The fullness of awareness, of presence, of joy flows into us to the degree we become empty.
T.S. Elliot put it this way:
In order to possess what you do not possess,
you must go by way of dispossession.
In order to arrive at what you are not
you must go by the way in which you are not.
Aren’t there moments when seemingly out of the blue we get a glimpse of the ground of our being?
Perhaps the experience, however fleeting, leave us somehow knowing intuitively that we are both at home here and now and yet somehow on the way to this here and now.
This is not about either or but rather and.
Could this be the starting point and the end of the spiritual journey?
Again, T. S. Elliot:
….the end precedes the beginning,
and the end and the beginning we always there
Before the beginning and after the end.
And all is always now….
We seem to have two aspects of the experience of the something we are searching for–it’s here and it isn’t.
It’s here when we are open and empty to it, as if simply flows in like water from a place of greater concentration to a quiet heart.
But while there it can’t be grasped.
This is where the experience of the Christian mystics is so illuminating–they speak in all the world’s languages of God’s immanence (being closer to me than I am to myself) and Her transcendence—(beyond the beyond, beyond time, space, birth, death).

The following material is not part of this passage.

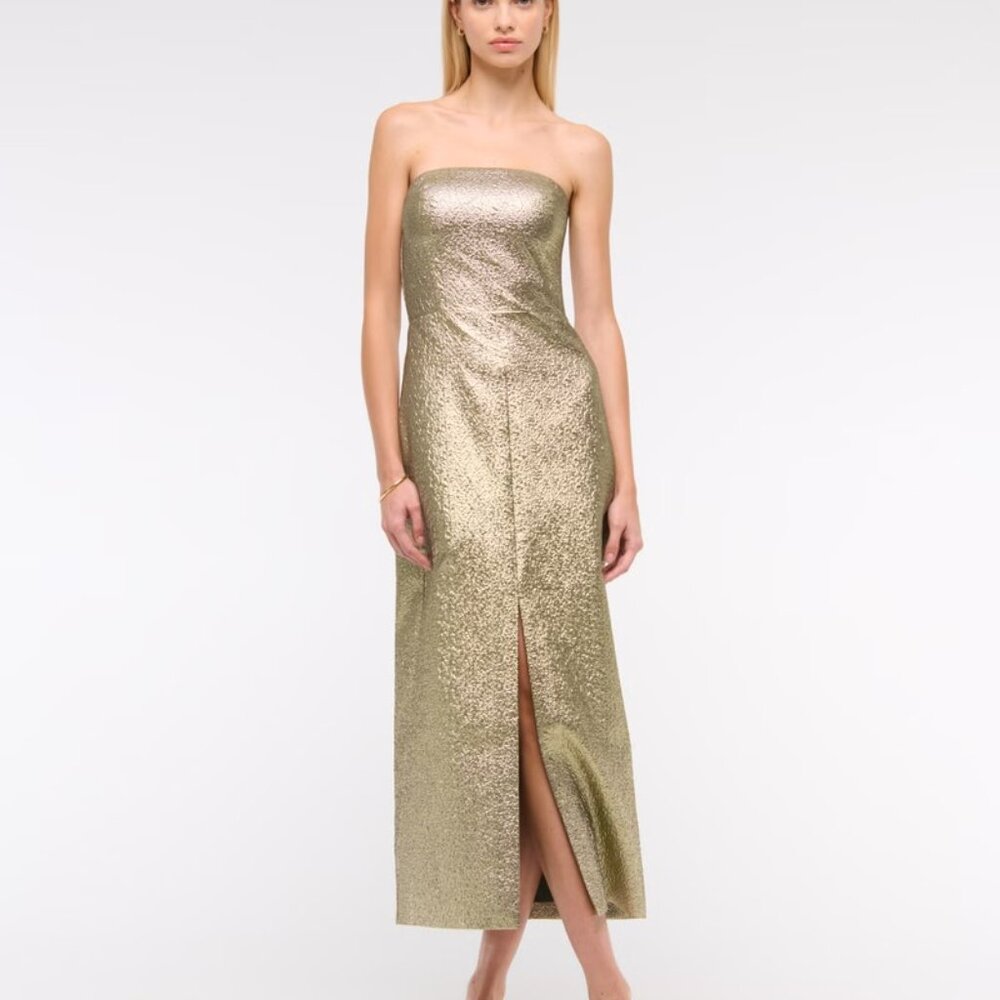 Abercrombie & Fitch Strapless Gold Sequin Midi Dress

Let’s hear what the the Rinzai Master Hakuin said about this in 18th century Japan:
Living beings originally are Buddha.
It is the same with water and ice.
There is no ice separate from water;
Outside of living beings, no Buddha.
Because living beings are unconscious of the intimate,
They seek it far away. Alas how pitiful!
It is like the examples of someone sitting in the middle of water
But crying out in thirst; and,
While still being the son of a millionaire’s family,
As a strange good-for-nothing he loses his way in the countryside living in poverty.
The causes and conditions of the revolving wheel of the six appearances
Are but one’s own road through the darkness of ignorance;
The several perfections such as charity, morality, and such;
Chanting Buddha’s name, confession and repentance, austerities, and the like;
The many good deeds and various virtuous pilgrimages;
All these are coming from within it.